We awoke Monday to a bullish tide - one to two feet above normal - probably due to the low pressure system in the Gulf of Mexico. What had been a solid bite over sand and grass turned to scattered catches. With more water, fish have more real estate to use, so a change in tactics were in order.
"I left the grass beds and worked tight to the shorelines," said guide Ray Sexton. "It has been my experience that fish move to mud and shell when tides are above normal."
You never want to gripe when winds are too calm, but that was the case Monday as drifters had a tough time covering ground. Some might say, "buy a trolling motor," but that fad hasn't hit the middle coast like it has the upper coast.

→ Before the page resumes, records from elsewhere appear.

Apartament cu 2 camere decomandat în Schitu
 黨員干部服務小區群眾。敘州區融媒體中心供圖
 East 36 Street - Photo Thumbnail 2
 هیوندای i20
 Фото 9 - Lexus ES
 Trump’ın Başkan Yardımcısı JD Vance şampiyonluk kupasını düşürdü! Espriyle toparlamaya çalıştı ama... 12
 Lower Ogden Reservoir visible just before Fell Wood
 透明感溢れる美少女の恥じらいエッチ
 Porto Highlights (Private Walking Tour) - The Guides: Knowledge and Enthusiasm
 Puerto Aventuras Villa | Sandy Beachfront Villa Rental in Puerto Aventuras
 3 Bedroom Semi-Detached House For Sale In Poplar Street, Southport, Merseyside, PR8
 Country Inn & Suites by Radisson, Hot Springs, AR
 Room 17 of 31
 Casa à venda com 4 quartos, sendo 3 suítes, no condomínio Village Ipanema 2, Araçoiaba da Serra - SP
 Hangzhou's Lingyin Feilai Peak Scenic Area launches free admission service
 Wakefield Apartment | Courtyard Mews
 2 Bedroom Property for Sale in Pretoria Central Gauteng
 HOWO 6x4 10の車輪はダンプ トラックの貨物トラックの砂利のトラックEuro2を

"We had to ease up to a spot with the big motor and shut it down and hope we drifted over the reef without spooking the fish," said guide Ken Marshall. "We ended up catching our limit of trout, but it took all day to do it."
Meanwhile, boaters on Galveston Bay used their trolling motors in the placid waters to work over deep shell. Those working the legs of gas wells in Trinity Bay took easy limits of trout on plastics, while live baiters did the same.
Then Tuesday and Wednesday beckoned and brought with it Small Craft Advisories and 15-20 knot southeast winds. The cool thing about a southeasterly flow is there is always somewhere to fish, no matter how hard the wind blows; and, with higher tides than normal, the back lakes and leeward shorelines were a player for redfish, black drum and trout on live shrimp.
Then, as quickly as winds turned blustery, it subsided again, and gave anglers green water and a light north wind, perfect for the surf.
"We got in the Gulf and it was good," said guide Lynn Smith. "We haven't been able to get out there in a month, but the fish were still there."
Smooth bays allow a keener sight of baitfish on the surface for both humans and avians. Birds were able to find a bounding shrimp or two and work over the pod, and anglers found the birds who found the fish.
"Birds worked up consistently in the middle of the lake," said guide Randy Foreman of Sabine Lake. "Specks to four pounds were caught on plastics."
The same reports came from Hackberry Rod and Gun on the banks of Calcasieu Lake.
"There are plenty of trout to be caught under birds, but the better fish have come on topwaters while drifting reefs and slicks," said guide Kirk Stansel. "Our jetty bite is heating up with better tides and greener water."
That's why the coast is the coast, and so many people's hearts pump brine.